Best practices are great, but ultimately, becoming more resilient is an individual journey.
As a leader, you can refer to the tips above on different coping mechanisms. But even coping mechanisms will fall short if people’s basic need for community, connection, and purpose aren’t met.
So if you’re trying to develop more resilient people, you have to listen first.
Then, you can start to think about where you can foster resilience. And the best way to do that is to think about Dr. Lillian Wong’s seven dimensions of resilience, as described above.

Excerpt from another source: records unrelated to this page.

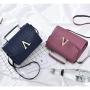 Custom logo women's bag new design women's handbag pu leather tassel 2024 new fashion crossbody shoulder bags ladies square bag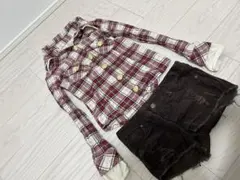 GARULA シャツ　ショートパンツ　セットのサムネイル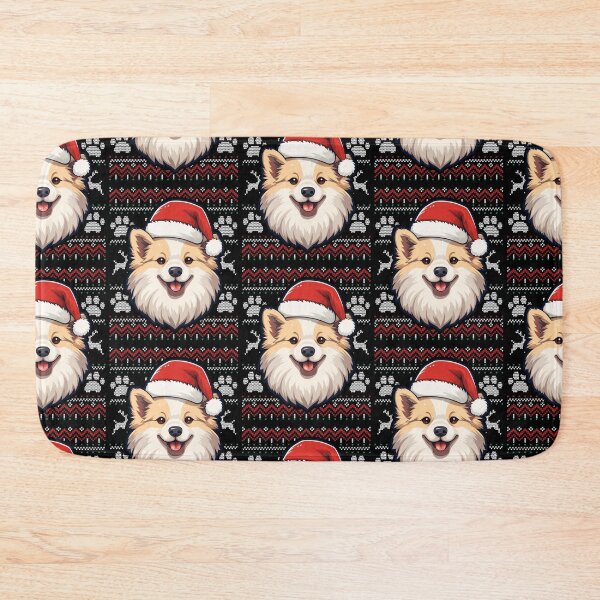 Item preview, German Spitz Ugly Sweater Christmas designed and sold by rafaeltto.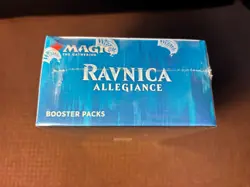 Ravnica Allegiance Booster Box MTG - SEALED NEW Magic the Gathering MTG 630509673162 - Image 5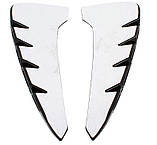 Накладки на крила BMW F15 F85 хром Xdrive жабра, фото 3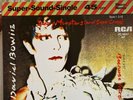 DAVID BOWIE Scary Monsters, Because your'e young  Rare 1981 German 12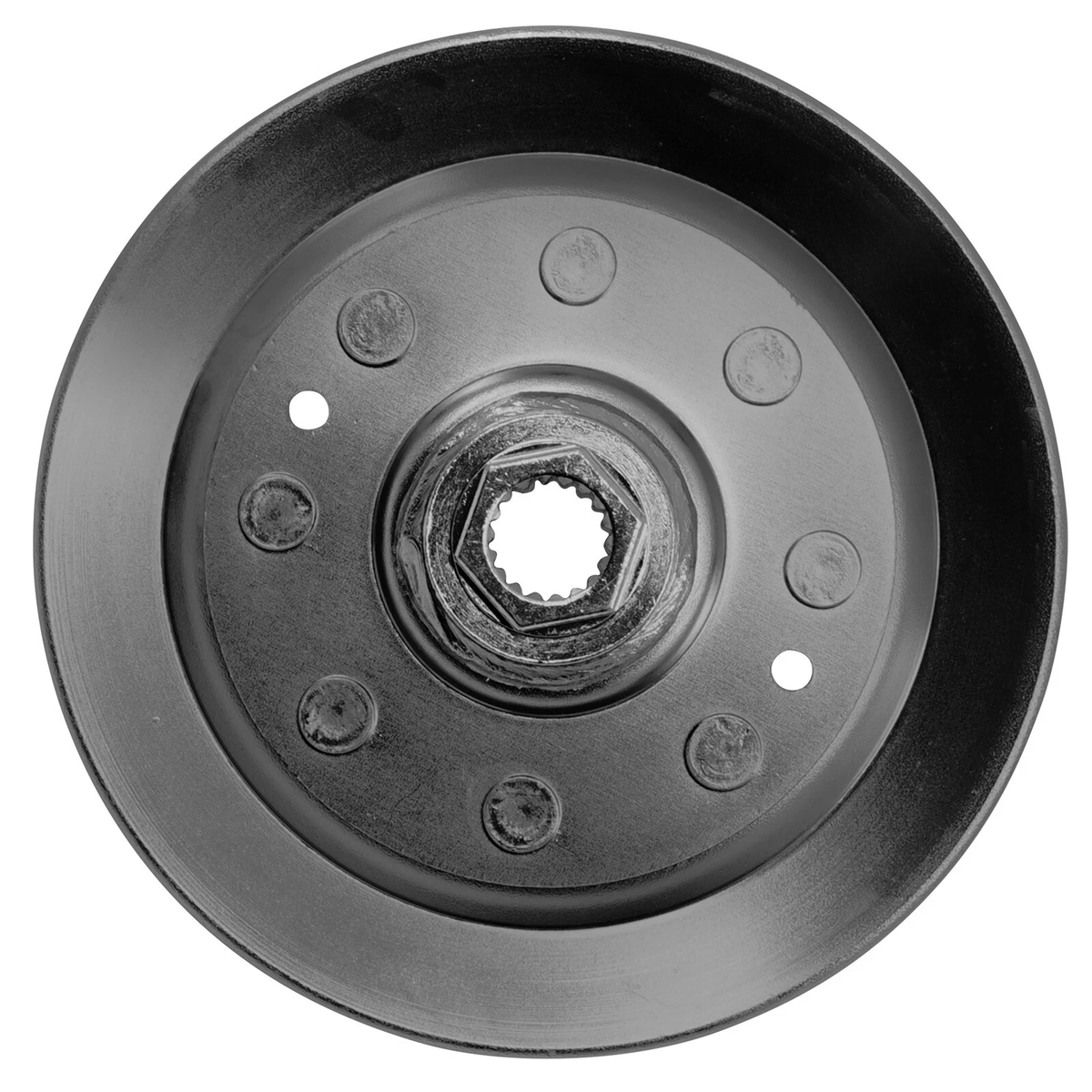 Transmission Drive Idler Pulley AM124055 for Kawasaki FH601V John Deere Tractor GT225 GT235 GT235E GT245 GX255 - KUDUPARTS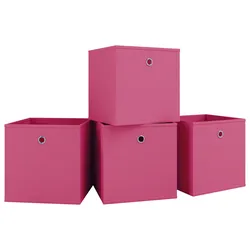Faltbox-Set Boxas 4-tlg. Pink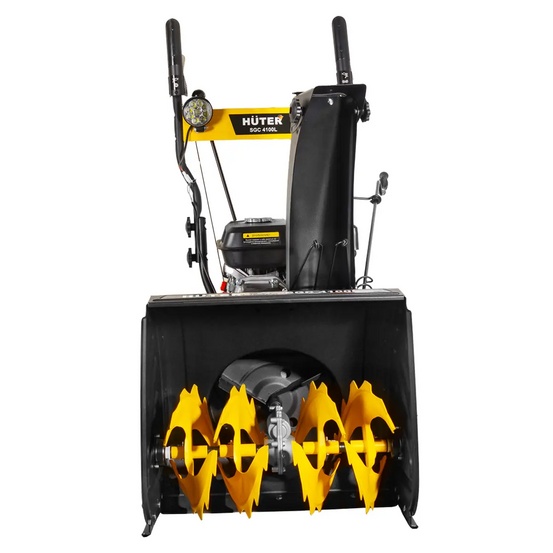 Снегоуборщик бензиновый самоходный Huter SGC 4100L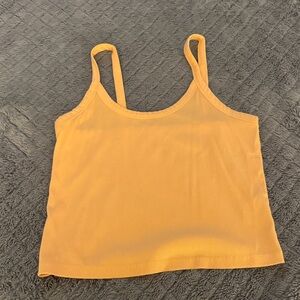 Wild Fable Mustard Tank Top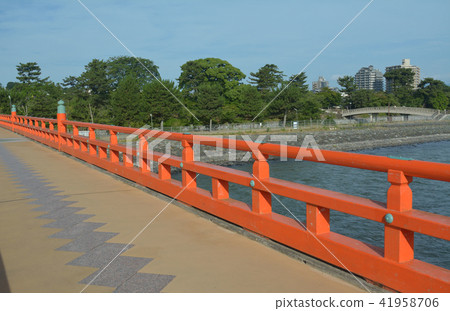 Asagiri Bridge Uji River 41958706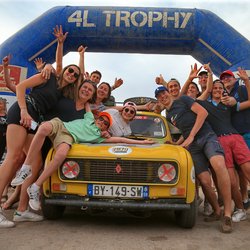 4L Trophy 2020 - Jour 8 à 10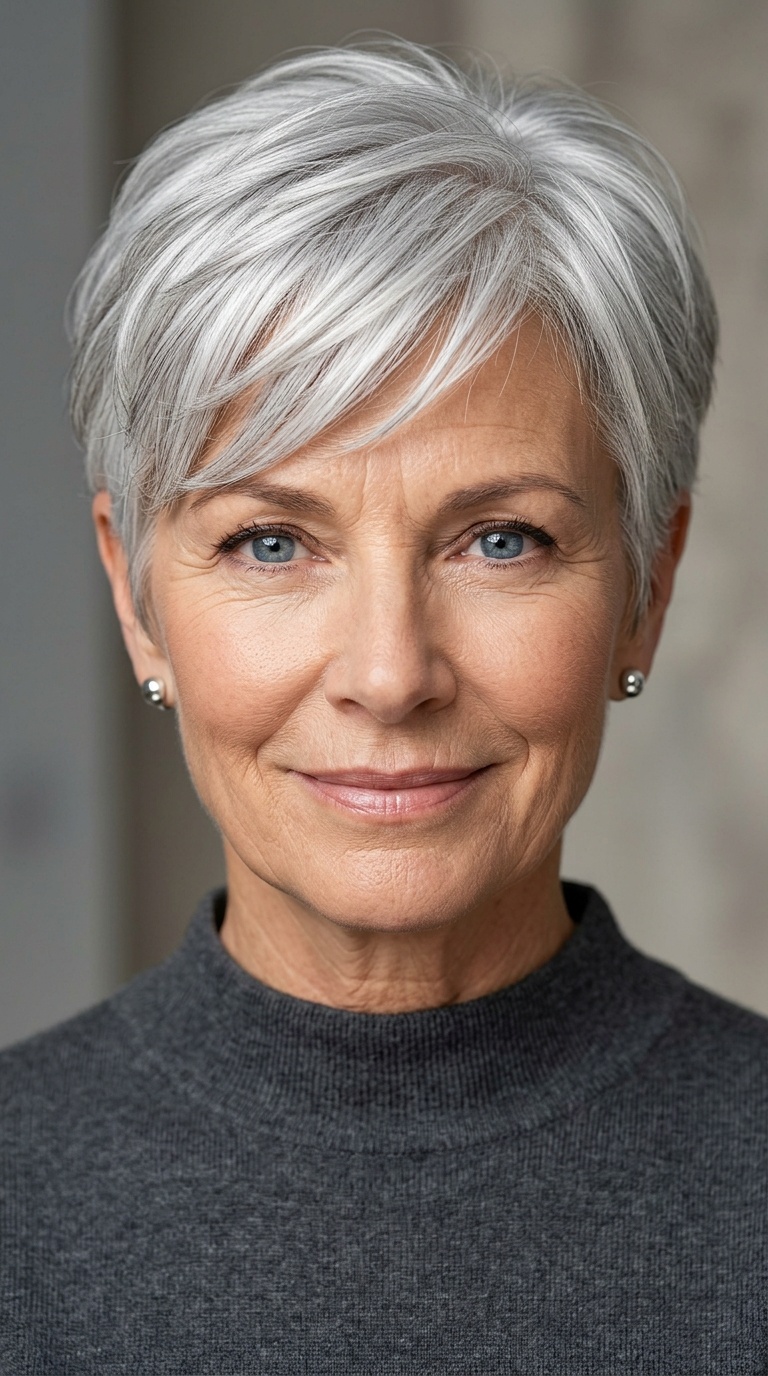 The Classic Silver Pixie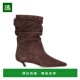 MUADDI 棕色 女士靴子 香港直邮AMINA 15S365718 SS2026 Ankle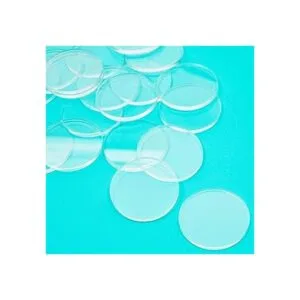 Discos de acrílico transparente de 0.118 pulgadas_4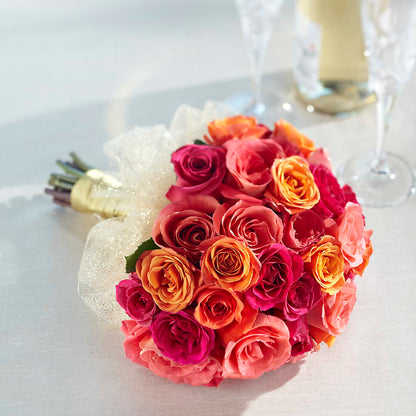 Sweet Roses Bouquet –  A Special Design Florist, Newport News VA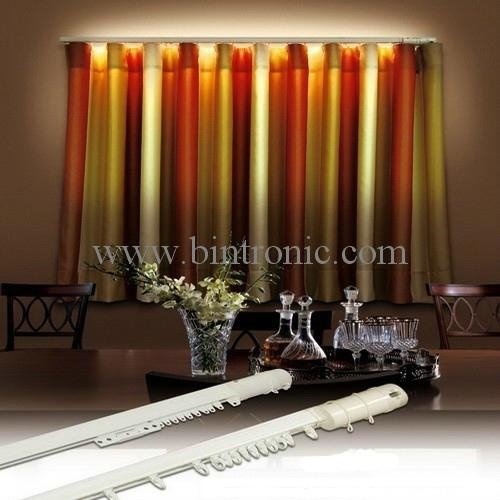 Bintronic Motorized Curtain Track with LED 2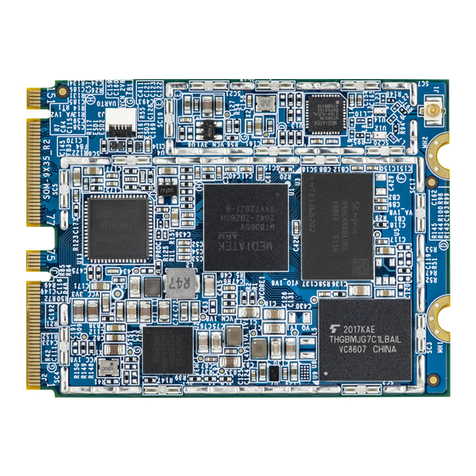 VIA Technologies SOM-9X35 User manual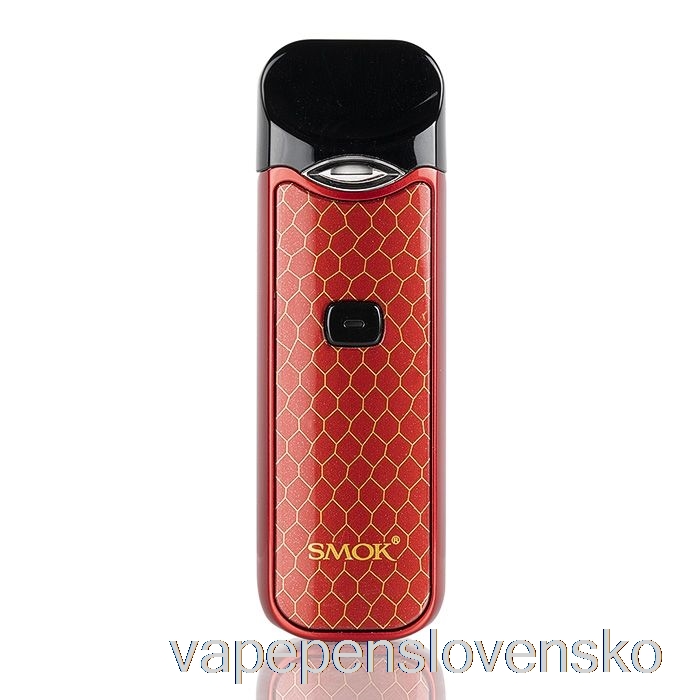 Smok Nord 15w Pod Kit Red Vape Slovensko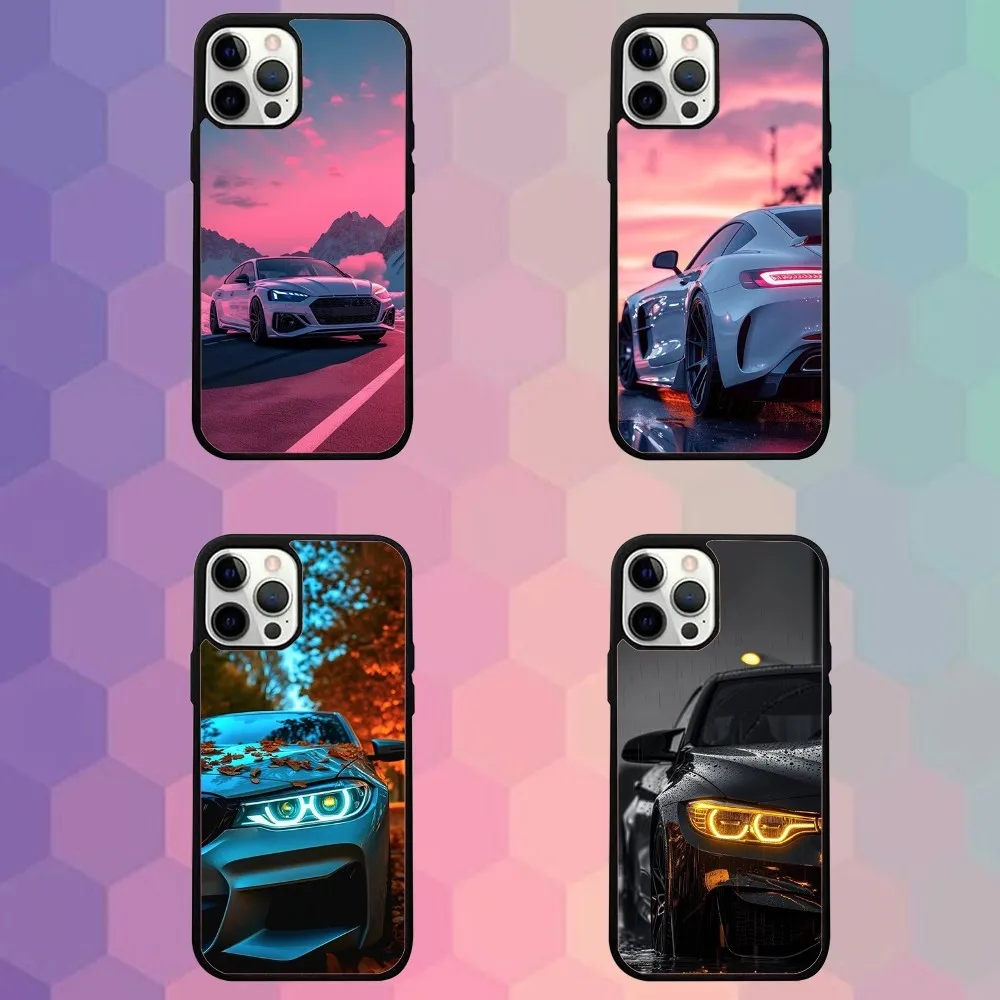 

Sport Car For A-Audi-is R-S Phone Case For iPhone 16e,16,15,14,13,12,11,Plus,Pro,Max,Mini Magsafe Magnetic Wireless Charging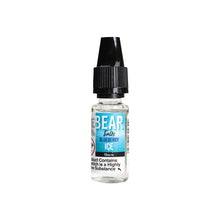 Load image into Gallery viewer, 10mg Bear Flavours Ice 10ml Nic Salts (50PG/50VG) E-liquids Bear Flavours 
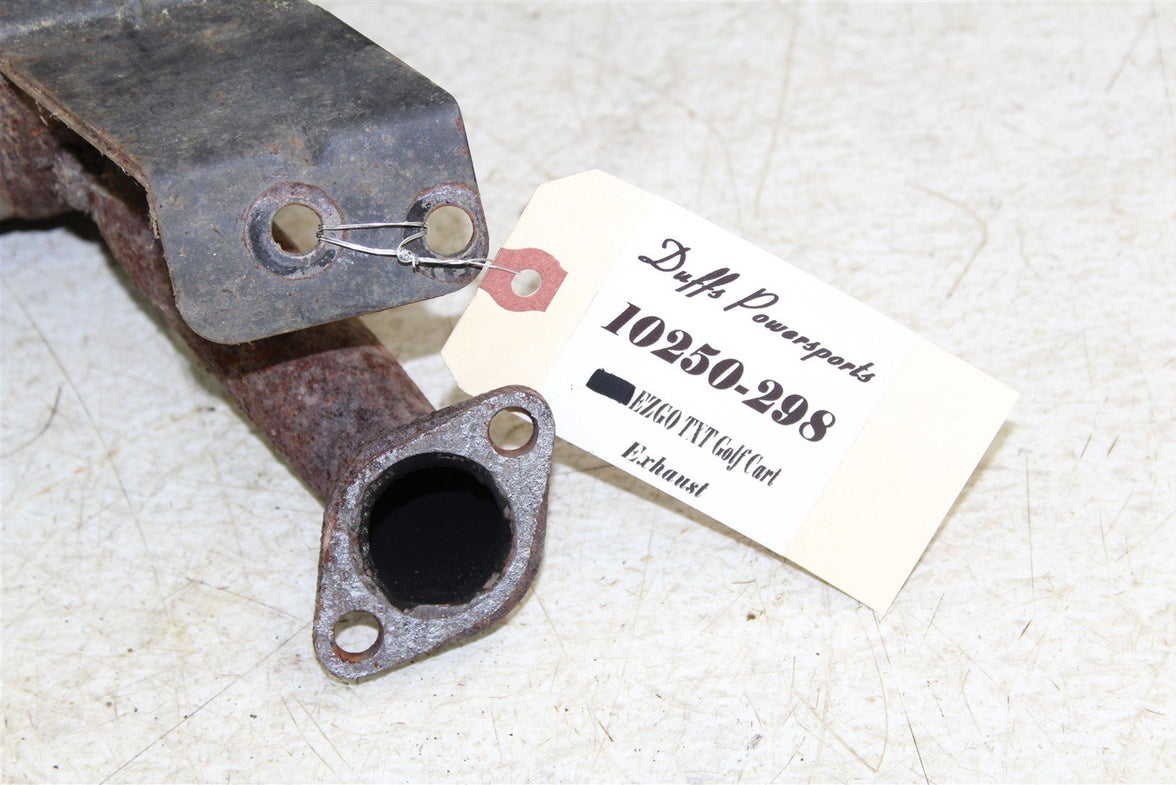 2003 EZGO TXT GAS Golf Cart Exhaust Head Pipe Silencer Muffler 10250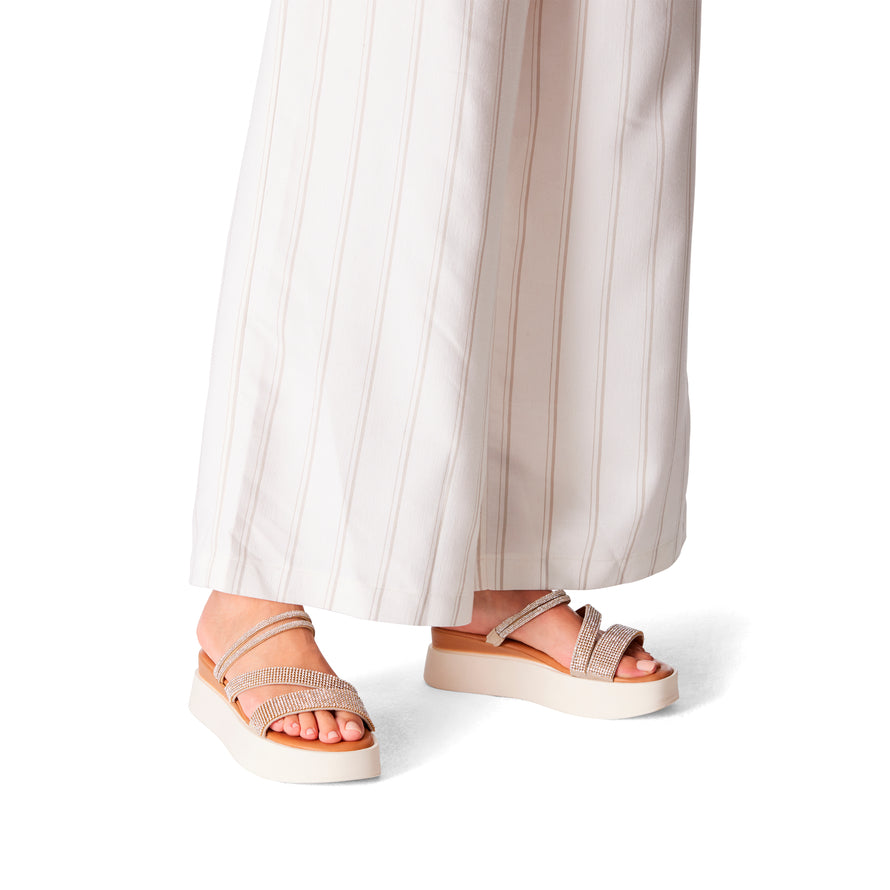 Tamaris 27222 Pantolette gold
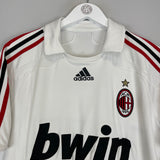 2007/08 AC MILAN RONALDO #99 AWAY SHIRT (S) ADIDAS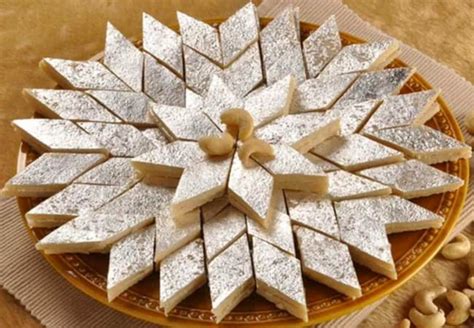 Kaju Katli Recipe for you to make from your own Kitchen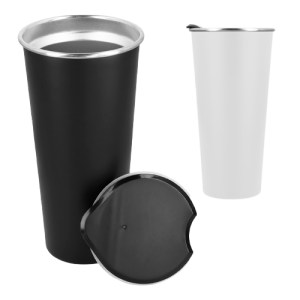 TERMO ESPRESSO BLANCO (T 146 - ACERO INOXIDABLE / PLÁSTICO)(F)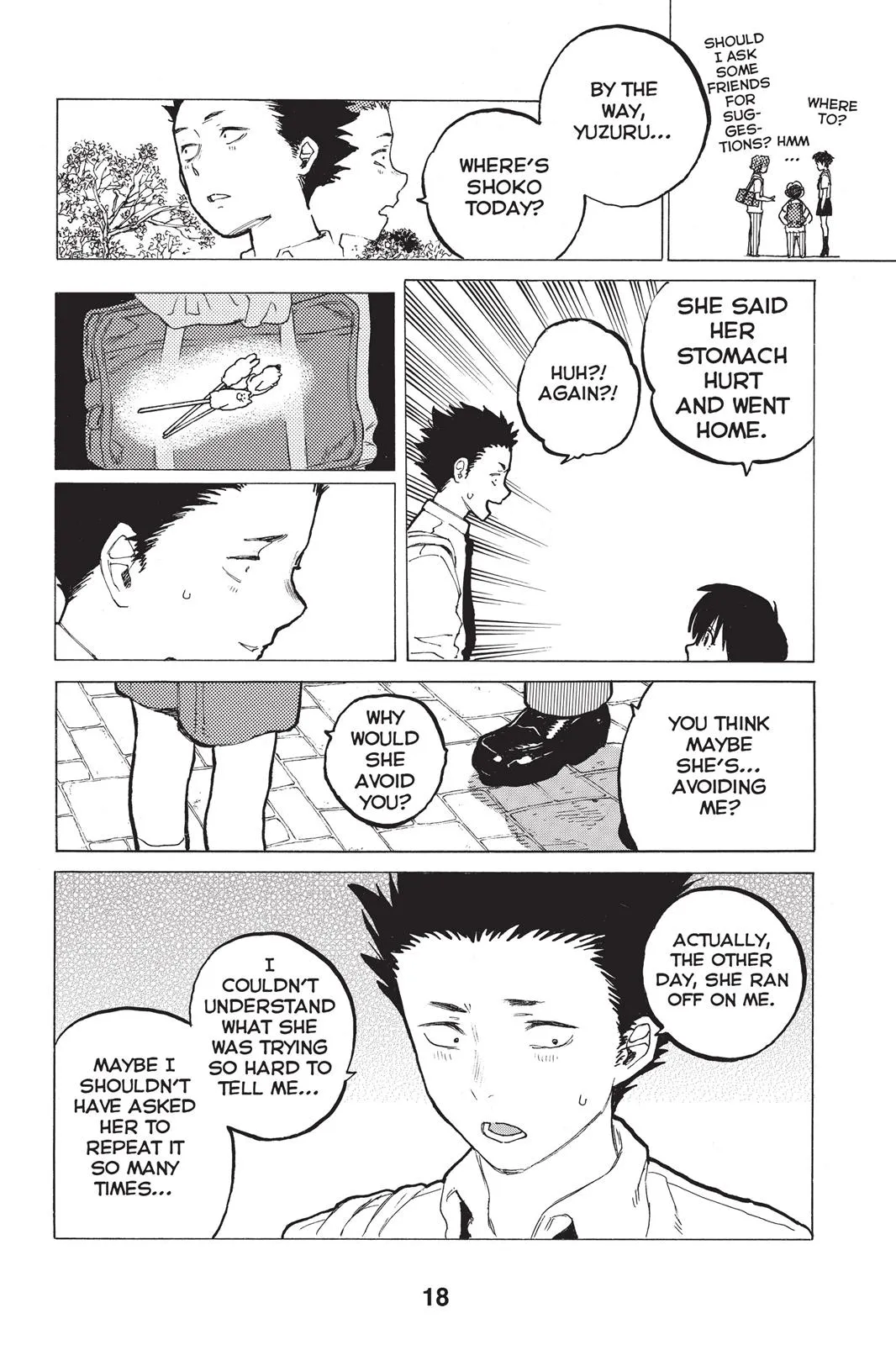 Read A Silent Voice en Manga Online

Take relational resilience, for example, which is the individual’s sense of connection to family, friends and the community. If you think connection is missing, or could be improved with your team, focus on that.
Remote group activities, such as a virtual escape room, book club or social hours are easy to set up and. They’re not the real thing, but they are something.
You could also look at motivational resilience, which is the strength and clarity of purpose an individual has. To foster motivational resilience, setting clear goals and establishing objectives can help. So read our post on objectives and key results for a primer on establishing meaningful objectives.
If there’s one thing to take away from this post, it’s that building resilience is a lot less about “will” or “toughness” than most people think.
Just think of anyone you consider resilient and identify their resources. Chances are they have at least one: a strong sense of purpose, a loving family or friend, or intense spirituality.
Moreover, they’re also likely skilled at processing their emotions, coping with challenges, and interpreting negative events.
Now turn that lens to your people. What are they missing? And how can you help them find it?
Managers are responsible. Leaders take responsibility.